Ganguly, 47, was the only candidate to file his nomination for the top post after being unanimously chosen as the presidential candidate at a meeting of the Board of Control for Cricket in India (BCCI) members in Mumbai on Sunday.
One of the most successful national captains in the sport, Ganguly is set to be elected unopposed when BCCI elections are held on October 23.
|"Sourav Ganguly is a Bengali and also a former cricketer and so we will get some added advantage due to it. We will probably be more comfortable while discussing different issues with him. Many of us here have connections with him on a personal level and I think that will definitely be helpful. We can freely talk about the series that we could not play, some bilateral series and also regarding some junior level programmes with him."

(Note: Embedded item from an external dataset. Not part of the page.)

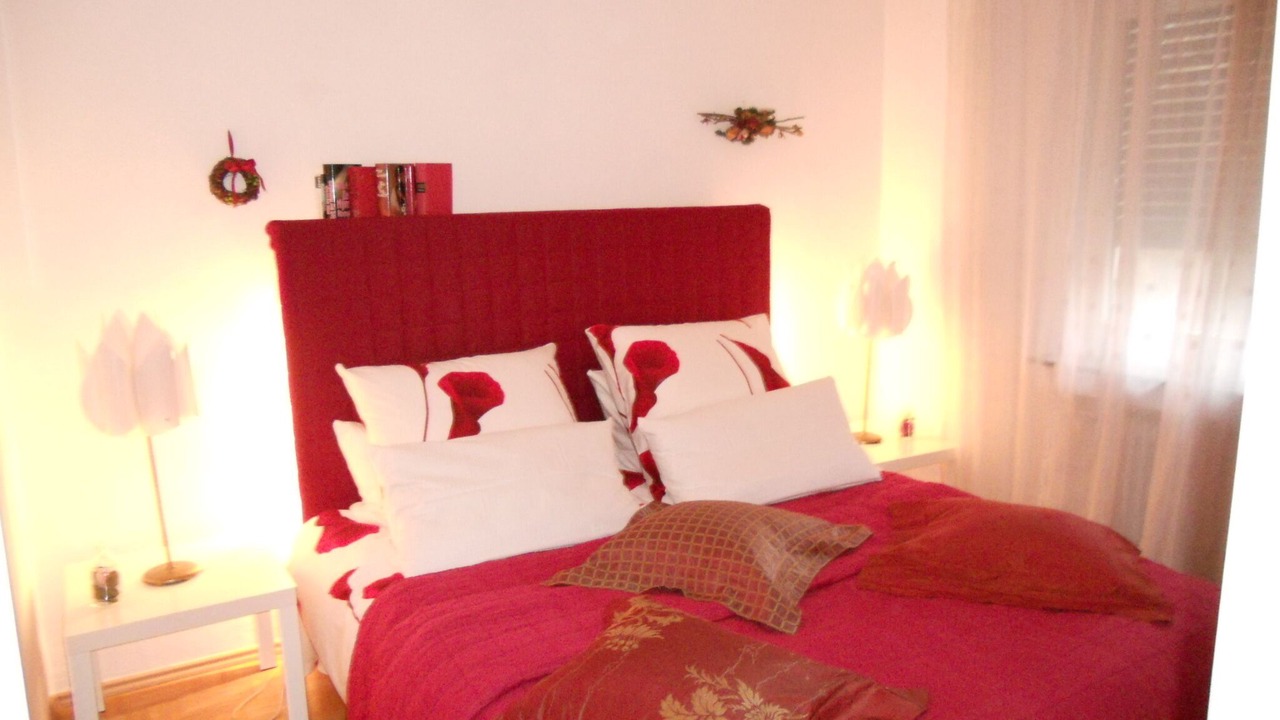 Photo of Bedroom in Rungsdorf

BCB MEDIA COMMITTEE CHAIRMAN
The left-handed opener retired from Test cricket in 2008 having accumulated 7,212 runs. Last month, he was re-elected president of the Cricket Association of Bengal.
“I am happy with the appointment because this is the time when BCCI’s image has got hampered and it’s a great opportunity for me to do something. It’s a big responsibility because it is the biggest organisation in the world of cricket. It will be a challenge,” Ganguly told reporters after filing his nomination papers.
“That’s one area that we will look into,” said Ganguly when asked about India’s representation at ICC. “We haven’t received any money from ICC in the last few years. Money in the sense what we deserve.
“For me, my biggest focus will be first-class cricket,” Ganguly revealed. “I have been very vocal about looking after the first-class players, especially the time they invest. First-class cricket is the base, the strength. I have written so many times in the last few years that the remunerations need to increase manifold. Look at cricket structure, look how governance happens and see smooth functioning happens with no issues.”
Ganguly will, however, have to go in for a cooling off period from July 2020 under the new rules. He has been holding posts in Cricket Association of Bengal for the past five years and an administrator can only serve six years on the trot.
Ganguly will be the second Indian captain to hold the top job in BCCI once elected after the Maharajkumar of Vizianagram, Vijay Ananda Gajapathi Raju, who became the president of BCCI in 1954.